También destacó como líder de grupos de investigación y dejó fuerte marca en la historia de la Hispanoamérica virreinal. Por un lado, coordinó a un grupo de investigadores para la traducción al español de la célebre obra del jesuita Pedro Murillo Velarde, publicada con los sellos de El Colegio de Michoacán y la Facultad de Derecho de la UNAM en cuatro volúmenes (2004 y 2005), con el título de Curso de derecho canónico hispano e indiano, cuya primera edición en latín data del año 1743. Puedo afirmar sin temor a equivocarme que, antes de su publicación, los historiadores y estudiantes del derecho y las instituciones de justicia, en general, así como de las canónicas, en particular, caminábamos algunos a tientas, otros a oscuras y muchos más en la indiferencia.
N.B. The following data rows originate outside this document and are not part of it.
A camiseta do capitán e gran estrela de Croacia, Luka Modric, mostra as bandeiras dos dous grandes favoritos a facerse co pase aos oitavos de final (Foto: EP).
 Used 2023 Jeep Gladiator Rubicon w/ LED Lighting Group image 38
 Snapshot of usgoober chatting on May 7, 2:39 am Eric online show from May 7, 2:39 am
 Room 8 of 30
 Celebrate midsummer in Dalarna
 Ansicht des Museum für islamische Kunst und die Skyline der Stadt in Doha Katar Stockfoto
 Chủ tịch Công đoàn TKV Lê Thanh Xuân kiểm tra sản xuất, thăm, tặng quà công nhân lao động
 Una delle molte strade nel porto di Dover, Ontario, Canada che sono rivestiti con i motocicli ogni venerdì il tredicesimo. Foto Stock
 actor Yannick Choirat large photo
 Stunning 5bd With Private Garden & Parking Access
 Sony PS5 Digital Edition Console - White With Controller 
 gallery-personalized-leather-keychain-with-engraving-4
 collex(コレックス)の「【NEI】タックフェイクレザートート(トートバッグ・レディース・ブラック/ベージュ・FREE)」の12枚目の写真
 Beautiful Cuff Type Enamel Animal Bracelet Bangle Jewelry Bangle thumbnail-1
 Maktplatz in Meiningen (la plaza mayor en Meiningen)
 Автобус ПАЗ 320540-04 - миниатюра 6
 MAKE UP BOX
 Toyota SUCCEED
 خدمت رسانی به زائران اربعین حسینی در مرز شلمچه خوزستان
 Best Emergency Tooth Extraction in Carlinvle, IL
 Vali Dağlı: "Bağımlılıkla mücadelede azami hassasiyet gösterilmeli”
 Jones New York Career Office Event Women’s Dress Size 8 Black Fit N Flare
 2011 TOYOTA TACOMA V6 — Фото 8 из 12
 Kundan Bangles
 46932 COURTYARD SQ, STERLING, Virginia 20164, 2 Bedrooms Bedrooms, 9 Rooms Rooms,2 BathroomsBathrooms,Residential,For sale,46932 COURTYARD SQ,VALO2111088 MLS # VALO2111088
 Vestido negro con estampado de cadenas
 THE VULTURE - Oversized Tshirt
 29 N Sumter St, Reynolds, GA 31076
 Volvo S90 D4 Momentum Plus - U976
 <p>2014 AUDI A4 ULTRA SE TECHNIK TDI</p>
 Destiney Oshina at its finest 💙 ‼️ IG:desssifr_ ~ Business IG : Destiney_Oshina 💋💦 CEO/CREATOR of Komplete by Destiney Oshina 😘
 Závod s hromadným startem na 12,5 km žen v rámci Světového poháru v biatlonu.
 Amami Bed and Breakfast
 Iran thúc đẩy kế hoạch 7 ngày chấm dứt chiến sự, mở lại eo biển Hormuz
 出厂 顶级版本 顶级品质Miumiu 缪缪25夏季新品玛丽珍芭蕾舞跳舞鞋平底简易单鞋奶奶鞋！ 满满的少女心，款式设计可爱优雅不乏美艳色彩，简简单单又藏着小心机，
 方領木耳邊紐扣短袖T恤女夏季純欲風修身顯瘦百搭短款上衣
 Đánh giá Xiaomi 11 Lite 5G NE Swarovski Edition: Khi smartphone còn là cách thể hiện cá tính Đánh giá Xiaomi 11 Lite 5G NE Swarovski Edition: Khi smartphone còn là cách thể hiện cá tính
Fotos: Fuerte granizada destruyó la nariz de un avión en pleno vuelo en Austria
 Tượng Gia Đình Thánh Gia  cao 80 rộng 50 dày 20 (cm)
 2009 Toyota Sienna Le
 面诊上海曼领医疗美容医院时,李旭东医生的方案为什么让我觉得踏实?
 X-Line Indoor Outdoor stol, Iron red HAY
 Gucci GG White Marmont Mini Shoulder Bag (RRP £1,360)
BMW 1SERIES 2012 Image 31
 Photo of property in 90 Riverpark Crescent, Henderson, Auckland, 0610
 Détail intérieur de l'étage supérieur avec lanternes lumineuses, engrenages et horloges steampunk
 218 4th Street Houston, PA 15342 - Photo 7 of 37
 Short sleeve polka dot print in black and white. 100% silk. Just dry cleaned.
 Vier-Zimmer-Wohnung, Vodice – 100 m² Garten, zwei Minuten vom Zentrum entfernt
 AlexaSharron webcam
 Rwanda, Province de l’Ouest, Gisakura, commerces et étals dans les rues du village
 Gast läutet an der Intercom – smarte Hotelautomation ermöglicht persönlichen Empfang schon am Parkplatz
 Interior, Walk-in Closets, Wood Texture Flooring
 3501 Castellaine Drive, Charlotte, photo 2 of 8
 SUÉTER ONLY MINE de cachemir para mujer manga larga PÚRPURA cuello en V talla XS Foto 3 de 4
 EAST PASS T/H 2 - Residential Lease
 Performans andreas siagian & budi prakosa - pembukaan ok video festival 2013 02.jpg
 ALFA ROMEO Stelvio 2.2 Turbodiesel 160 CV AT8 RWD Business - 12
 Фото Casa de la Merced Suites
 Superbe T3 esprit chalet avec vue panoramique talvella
Su publicación causó una revolución historiográfica, pues en estos días no hay tesis o investigación en la materia que no se vea obligada a consultar tan imprescindible fuente.
Asimismo fue líder de un vasto grupo de académicos, de distintas latitudes, con quienes emprendió el estudio sistemático de la tradición conciliar de la Provincia Eclesiástica de México, con especial énfasis en el Tercer Concilio Provincial Mexicano (1585). El proyecto logró la traducción y edición crítica de la documentación original sita en la Bancroft Library de la Universidad de California en Berkeley. Se publicaron siete tomos en varios volúmenes con los sellos de El Colegio de Michoacán, la Universidad Pontificia de México y la Universidad Pontificia de Comillas, bajo el título general de Manuscritos del Tercer Concilio Provincial Mexicano. También se publicó por primera vez el Directorio de confesores del mismo concilio; favoreció la primera edición histórico-crítica de los Decretos del Concilio Tercero Provincial Mexicano (1585), publicada por el doctor Luis Martínez Ferrer en dos volúmenes, y convocó a una serie de seminarios que durante muchos años se dedicaron a estudiar la tradición conciliar y su impacto en la Nueva España, de la cual se publicaron varios libros bajo la coordinación de Alberto Carrillo, Andrés Lira y nuestra bien querida y recordada Claudia Ferreira Ascencio.
En virtud de las iniciativas de Alberto trabamos contacto y acercamos amistades varios investigadores de ambas riberas del Atlántico y de todas las Américas. Sus inquietudes entraron en sintonía con las de Nelson Dellaferrera, quien entonces impulsaba los estudios históricos del derecho canónico en Argentina. Fue precisamente en Zamora, Michoacán, donde tuve el gusto de conocerlo, junto a Thomas Duve, su más destacado discípulo. Hoy en día, bajo el liderazgo de Thomas Duve, quien es director del Instituto Max Planck para el Estudio del Derecho Europeo (Frankfurt, Alemania), se realiza el Diccionario histórico de derecho canónico en Hispanoamérica y Filipinas. No pocos de cuantos recibimos las enseñanzas de Alberto Carrillo, de manera directa o indirecta, participamos con mejor conocimiento de causa en esta magna obra colectiva. Me queda claro que el legado de mi querido amigo, guía y maestro se dejará sentir en las generaciones por venir.
Es difícil contener en tan pocas líneas la historia y la herencia de un ser humano tan entrañable como lo fue Alberto Carrillo Cázares. Un hombre generoso, un auténtico hombre de fe quien, como católico, académico, intelectual, pastor y apasionado de las causas justas, pertenece por derecho propio a la estirpe de don Vasco de Quiroga. ¡Laus Deo!